ABSTRACT

The study of popular culture continues to grow apace. In the early 1960s it barely had a foothold in the curriculum of English Departments but now it is respectably installed in most tertiary institutions. This situation has arisen mainly due to the constant questioning by cultural theorists of the distinction between ‘high’ and ‘low’ culture. One of the most celebrated forms of this distinction was expressed by Leavis when he opposed literature to mass culture. The former was an embodiment of a unique sensibility, a work of imagination reproducing the texture of real life. The latter, by contrast, was formulaic and sensational. Few would now accept Leavis’s rigid division, not just because it offends the democratic sensibility but because it is theoretically untenable. Leavis saw literature as an incarnation of permanent truths about human nature but critical theory has undermined his position by showing how the same text is read in different ways in different periods.

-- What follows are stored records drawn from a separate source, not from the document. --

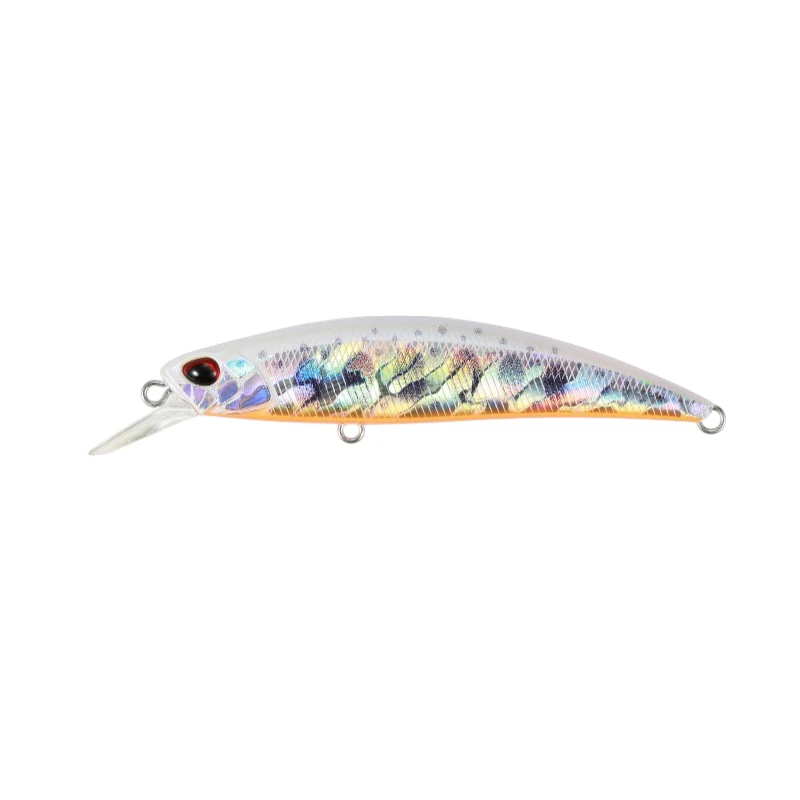 Vobler Spearhead Ryuki 70S DUO tonući minnow 70 mm za rečne grabljivice.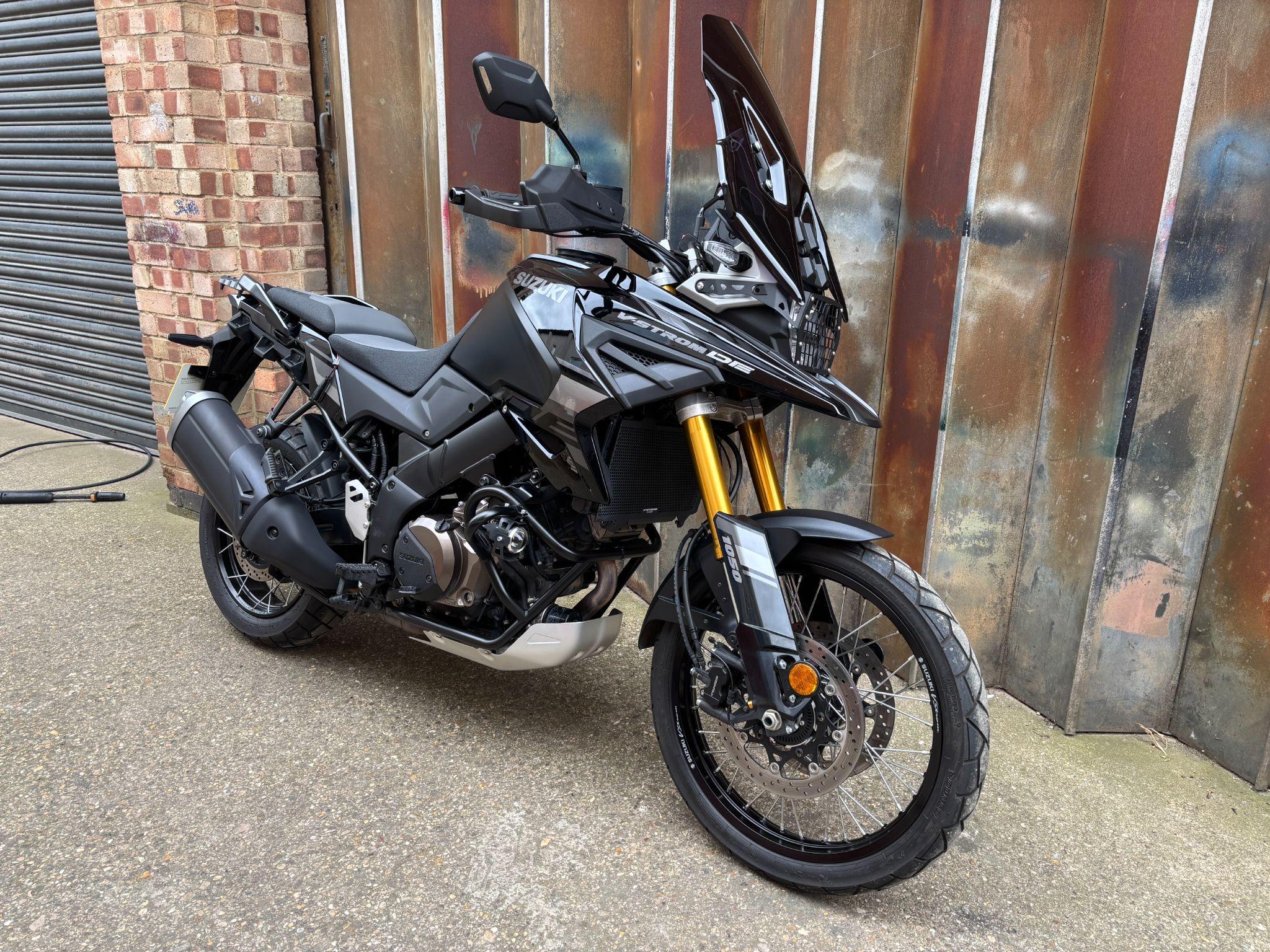 2023 Suzuki V-Strom 1050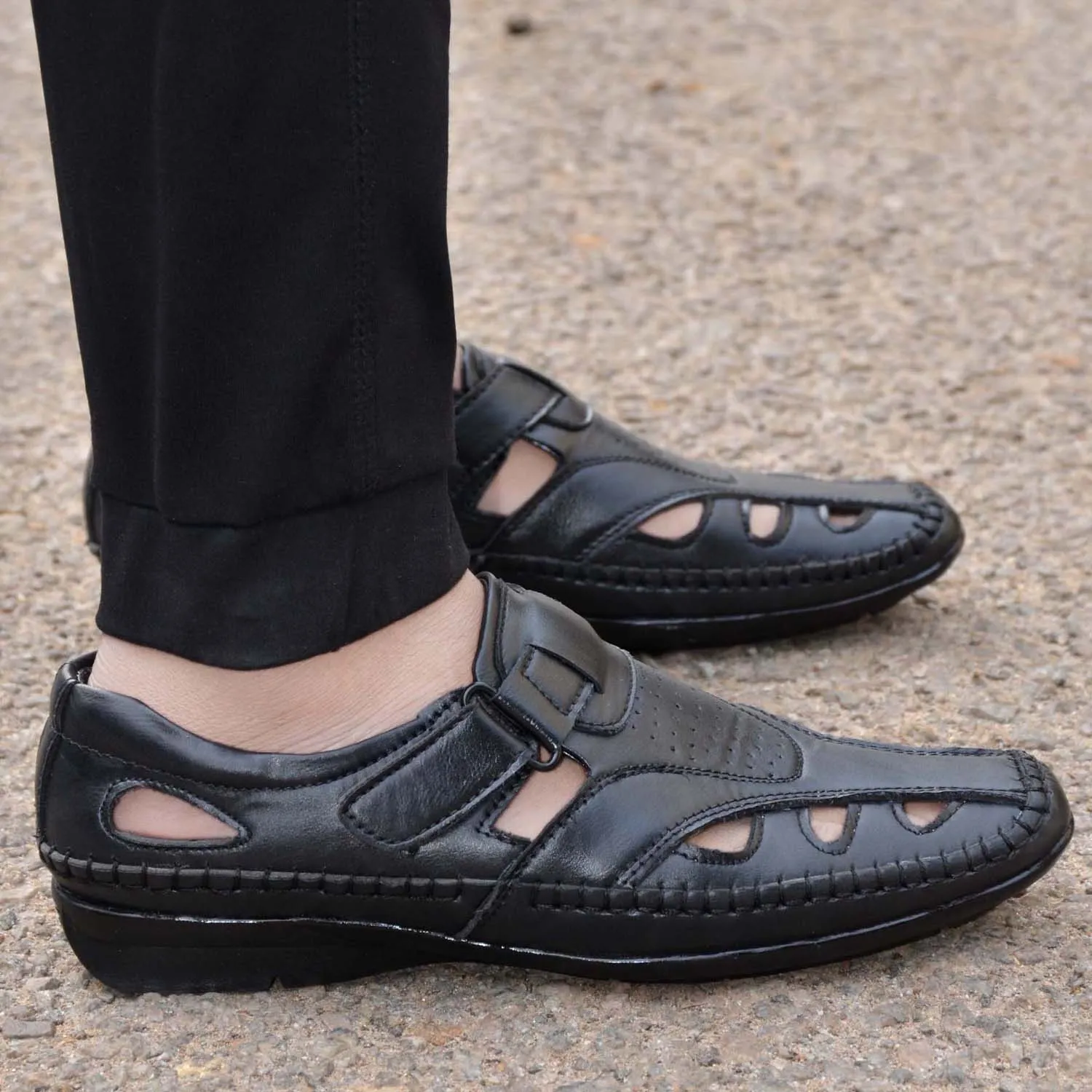 Good Vibes Summer Sandals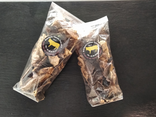 Sachet de bonbons pour animaux (viande séchée)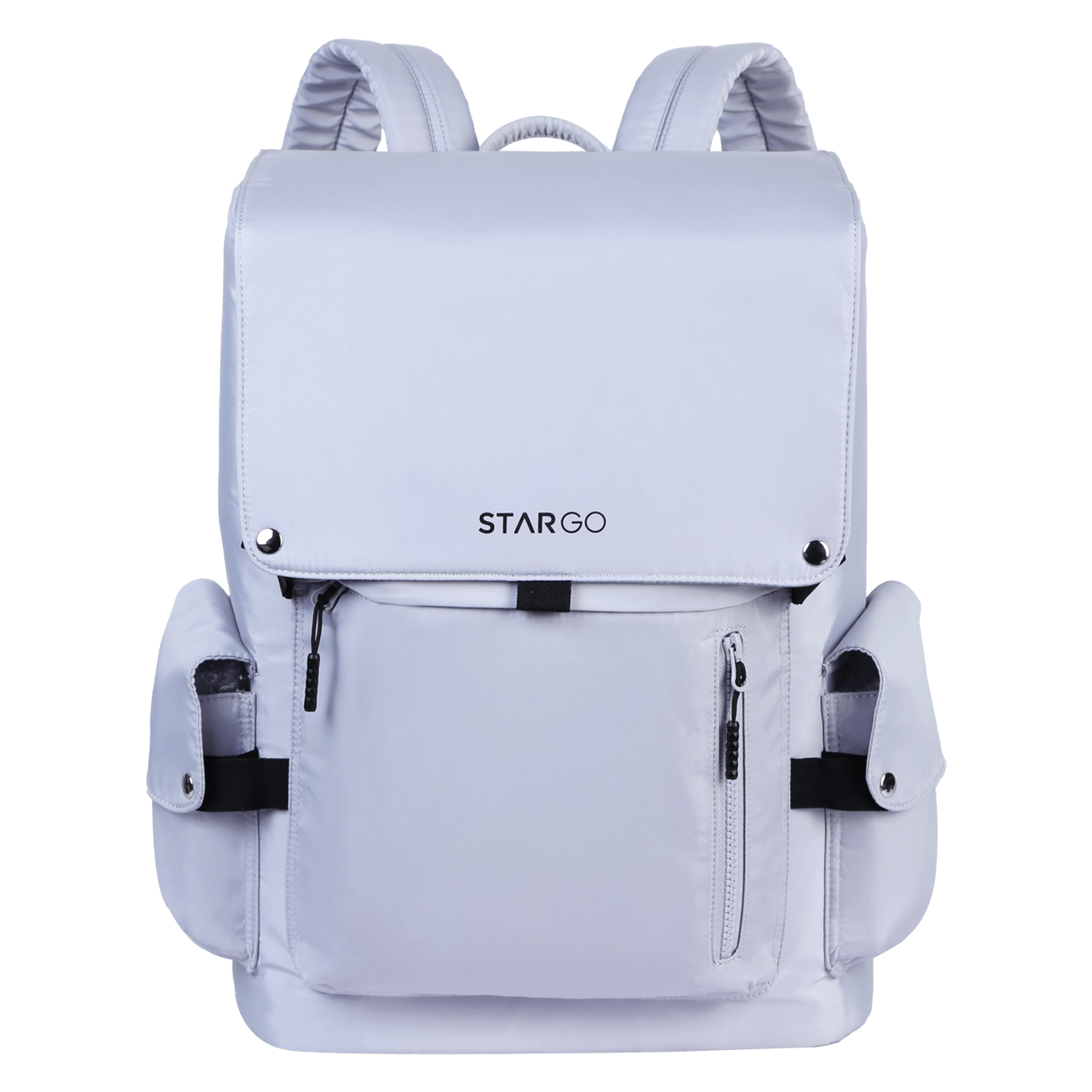 [CHÍNH HÃNG] Balo laptop 15.6 inch STARGO Amity - Siêu nhẹ, ngăn chứa lớn, dày dặn, thoáng, có đai gài vali - BH Dài Hạn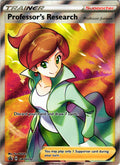 Professor's Research SWSH152 Promo SWSD: Sword & Shield Promo - Pokemon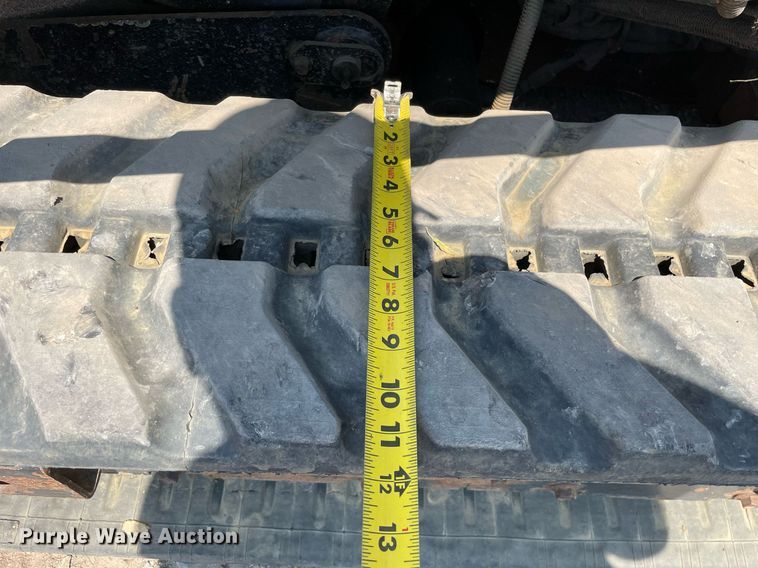 image for item DL3808 2009 Vermeer D16X20 Series II  directional boring unit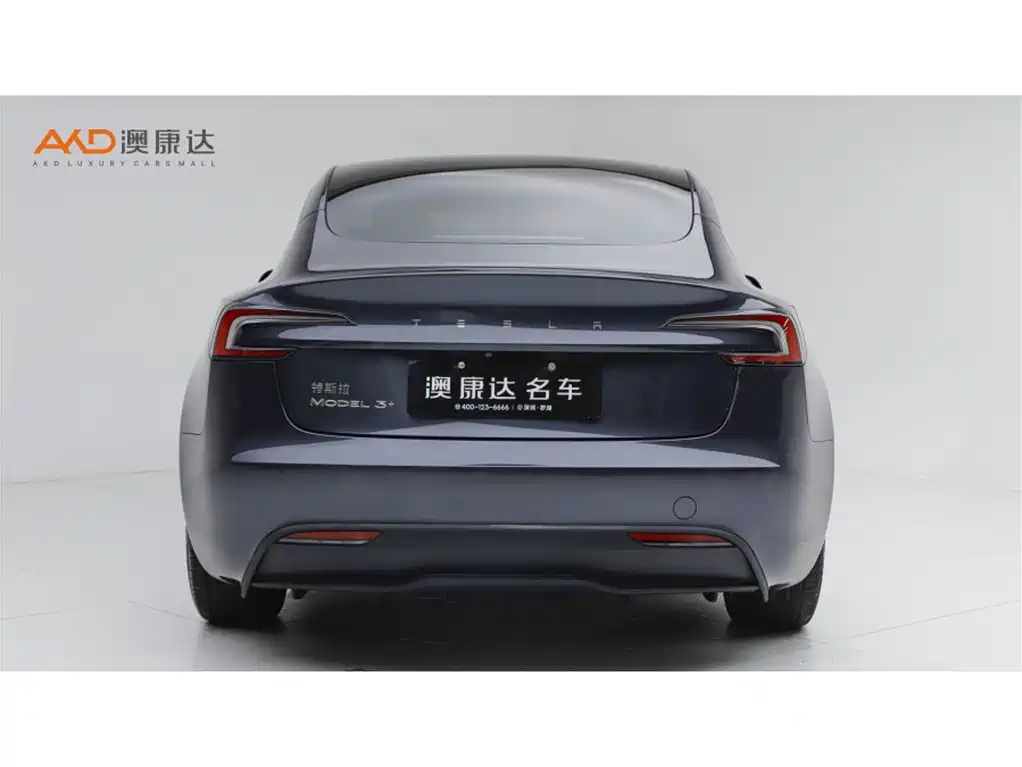 Tesla Model 3 — миниатюра 4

Once literature was relativized in these and other ways its position vis-à-vis ‘low’ culture could no longer be maintained. Moreover, if literature was not what it had formerly been claimed to be, then neither, perhaps, was its other, and so it became necessary and even desirable to study what is now known as popular culture, a term which avoids the negative evaluation implicit in ‘low’ culture and the sense of imposition suggested by mass culture, while itself connotating notions of choice and democracy.